Do you have a specific target launch date or hard deadline within the project? (E.g. you need a project phase to be completed by a certain date to send to the trustees for approval, or a stakeholder is taking an extended leave halfway through.) Starting the process early can make sure the project stays on track to meet a hard deadline, even with a few holdups due to unforeseen roadblocks. Andolsek (2004) recommends you give a project timeline six months minimum from inception to launch for organized projects, and at least a year if the project goals are not firmly set, the project is disorganized, or many stakeholders are included in the process. When setting a timeline, even with the most organized project, it is always good to confirm that your scope has realistic expectations; consult a trusted resource or the firms you’re in communication with, as every project is different.
Adding extra time at the beginning of a project is especially helpful to you as you write the RFP. Leaving extra time in your schedule gives you time to go back to potential firms or stakeholders with questions for clarification, and leaves time for the ever dreaded review by your legal department. It also gives you time to alter the remaining project timeline, should you wish to do so, based on suggestions from firms who submit proposals. We’ve already discussed above how you’re soliciting responses from expert firms, and chances are some of them will respond with solutions you haven’t fully explored or even considered at all. Sadly, very often, it’s the fact that an RFP took so much time and effort to produce that these valuable insights are dismissed because they are outside the scope of the RFP, and going back to the drawing board is not an option—even if that might result in a better outcome.
The RFP itself is also a detailed document that takes time on its own to research and write. Andolsek (2004) presents a list of tasks to consider when putting the RFP together:
- Select the internal team and decision-makers;
- Outline project schedule;
- Analyze how current tech is meeting your needs;
- List project requirements;
- Define budget;
- Research potential partner firms;
- Send brief pre-RFP letter or RFI (optional);
- Review RFI/qualify candidates (optional);
- Set up interviews with candidate firms (optional).
- Develop final list of firms, estimate RFP release date.
Writing the RFP
- Develop schedule for preparing RFP;
- Review project requirements;
- Develop evaluation criteria while writing the RFP;
- Compare completed RFP and evaluation criteria to budget;
- Reestablish contact with list of pre-qualified firms;
- Publish RFP;
- Establish a location where FAQ responses will be posted;
- Provide an electronic copy of RFP;
- Be prepared to hold conference call if needed;
- Be prepared to receive/respond to firms’ questions;
- Specify contact protocol (e-mail only, no phone calls, time limit).
Some of these steps seem obvious—you know you’re going to have to put together your decision-making team and define a budget, but did you think to develop your evaluation criteria while writing the RFP? Peters (2011) recommends putting together a draft of your scoring criteria while writing, because that time is when you’ll have the best idea of your colleagues’ and stakeholders’ priorities when it comes to weighting selection criteria and direct access to ask for clarification if needed. Following the recommended steps above will take at least a few weeks, which is why it is best to get started sooner rather than later and give yourself extra room for unforeseen holdups.

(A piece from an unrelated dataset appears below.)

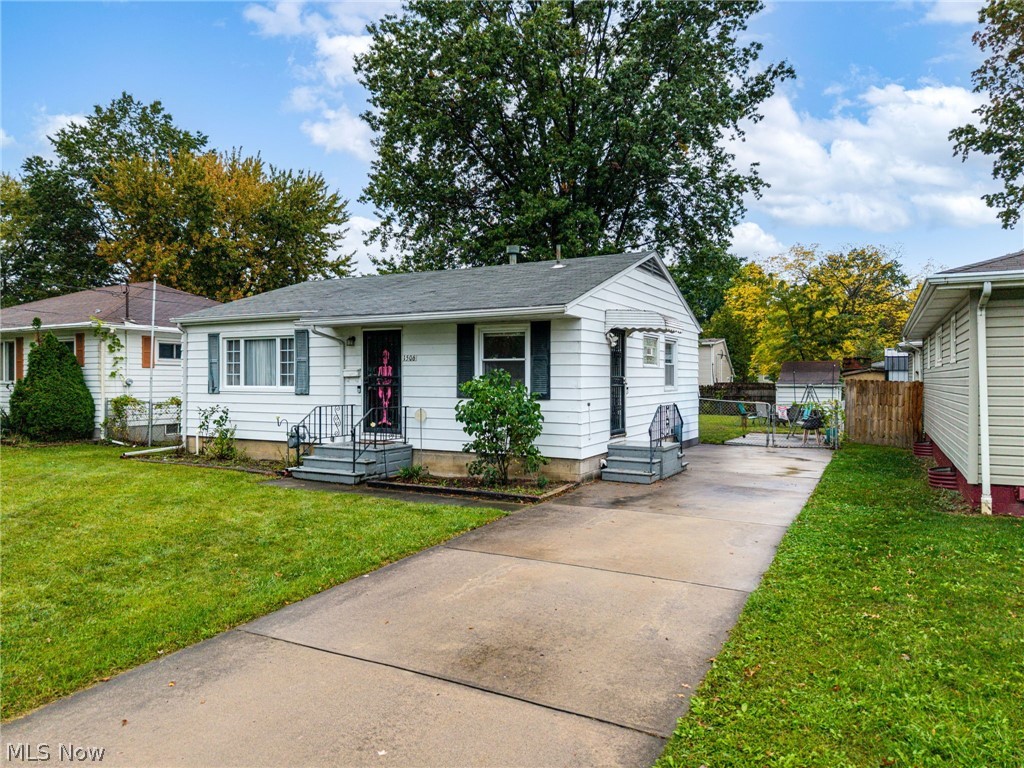 1506 New Hampshire Avenue Lorain OH 44052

Be concise and don’t lose sight of your project goals
Once you’ve started putting the document together it can be easy to get caught up in the legal jargon and long-winded explanations you’ve used to explain the project to stakeholders, but the RFP document should be short and sweet. Be specific—though not too specific—after all, you do want to leave room for creative responses to your RFP. The following information should be included in the RFP (Peters, 2011):
- Organizational background;
- Short project description;
- Project requirements and objectives
- Project budget;
- Milestones and deadlines (especially note any hard deadlines);
- Questions and required information
- Contact information and deadline for submissions
The rationale behind keeping the RFP short is simple: you set the tone for the responses you’ll receive in proposals. If you write a long RFP, you’ll receive equally long-winded proposals. Do you really want to take up more project time reading and deciphering long-winded, jargon-filled proposals? The answer is probably no. If you’ve followed some of the ideas outlined in the RFP process section above, you’ll have a better grasp on who and what you’re actually looking for, and a concrete set of project goals leading to a shorter RFP.

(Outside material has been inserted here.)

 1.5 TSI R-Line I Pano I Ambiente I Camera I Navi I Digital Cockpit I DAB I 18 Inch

Keep your goals in mind when writing the proposal to prevent the padding that inevitably creeps into RFPs. That padding combined with the multitude of stakeholder wishes can lead to a big project—bigger than you currently have budgeted. Though difficult to do, it benefits you to rank stakeholder wishes in order from “critical” to “wish list” by considering things like how the project will be used day-to-day and by what department. Making a clear list of needs versus wants for the project will help you keep the RFP shorter and also make it easier for firms to propose a project that meets the project goals and budget. This leads us to the next aspect of the RFP that must be included: budget.
Clearly state your budget
Clear and simple, if you’re sending out an RFP with the expectation to sign a contract with a firm at the end, a budget needs to be included. Knoebel (2016) and his team didn’t state a set number, but instead included a range for the budget in Princeton’s RFP. Whether you have one number or a range, a number must be included for your RFP to be taken seriously by professional firms. RFPs without budgets are red flags to firms that your organization may not be serious about carrying through with the project, or that your organization is only looking for the lowest bid. Including the budget promotes honesty; firms that want to work with you will explain if they can’t make that number, and offer a solution if possible.
A word of warning: when it comes to budget, hiring professional firms can be compared to hiring a general contractor. If you’re receiving a range of similar quotes from firms in proposals and then receive an extremely low bid, that should be a red flag for you. There are many poorly managed, desperate young firms out there that will agree to your budget without really knowing if they can deliver for that cost. If they are ethical they’ll deliver but it will be at a loss; if they are unethical, they will demand more halfway through, but either way, neither party will be happy in the end. You can mitigate the risk of this happening by clearly stating a budget reached through the research you completed in the dynamic RFP process instead of asking firms to quote a price before revealing the project budget.
When it comes to the budget, it is also important to make clear to firms what is “must-have” and what is “wish list” from your earlier conversation with stakeholders. Many RFPs, because they have been bloated, treat every requirement as a must-have—or at least fail to distinguish between must-haves and wish list items. But this, again, adds to bloat in proposals and inflated fees. Don’t make your potential partner have to guess which items are must-have or wish list. A good firm is going to want to deliver as much value as possible with the budget available. Sometimes things you might think are expensive wish list items are actually relatively easy to produce, and sometimes seemingly simple items on a must-have list contribute an inordinate amount of cost and complexity to the project. Sometimes the best compromise to meet stakeholder desires with a limited budget is to build the project in phases in order to meet your immediate needs, while setting up a roadmap for additional features to be added when the budget allows.
Writing a great RFP begins with approaching the process differently. Improvements like finding qualified firms before writing, making the process more dynamic by sending an initial Request for Information, giving potential firms the chance to interview the project team, and bringing in final selections to complete an audit of the existing project or site all help the process. In addition, the document can be improved by starting the process early, keeping the document concise to stay in line with project goals, and by stating a budget for clear communication with the firms responding to the RFP. By making these shifts, the broken RFP process can be changed into a productive means of finding truly effective partnerships.